No, even after writing that statement, it still feels remote.
While viewing I am David, I allow myself to feel upset. After the movie, I watch an episode of Friends and found it extremely amusing. I laughed out loud. I felt freer somehow and more open to all emotions. I know it is important to feel. I also know that trying not to feel leads to depression. Did you know that when you have trouble, it often acts like a trigger for a cluster of repressed feelings, and there are some things that you just don't want to remember. Noticing myself going through this emotional roller coaster made me realize that I need to remember to feel and allow myself to trust people again.
Sophie is right, "...there will always be bad people in this world and you will usually know them when you meet them, but sometimes you won’t.

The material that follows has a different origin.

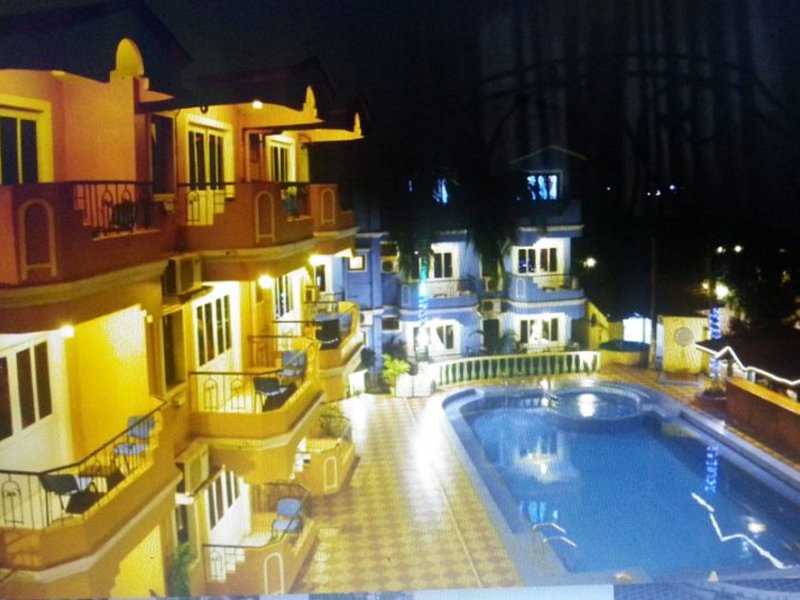 The Camelot Manor in Calangute, Goa (Indien) Pool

But you can’t let that stop you from living your life fully and freely. And making friends and seeing the goodness in people because if you can’t do that you will never find any happiness." I'll take that wise-woman's advice!


  1. I just feel to say : 'Trust in God, but tie up your camel'.

    Trust people warily. Give them the benefit of the doubt, but be alert if there is ANYTHING that gives you an 'off' vibe.
    Your mother's story is still shocking, no matter how many times I read it. I cannot imagine what it has been like for you. So Sorry.♥xx

  2. Cynthia, what a powerful post. These times are trying, indeed, and it's often impossible to feel trusting toward mankind in general.

    I read the link about your mother's death with great sadness. What a waste of a decent, productive, postitive life. Her legacy of power and promise lives on in you.

    You honor her by living life authentically.

  3. You've made me want to see that film the minute it comes out (on DVD that is - a film as good as this would never make it to the suburban cinemas of France where everything is dubbed mercilessly into French).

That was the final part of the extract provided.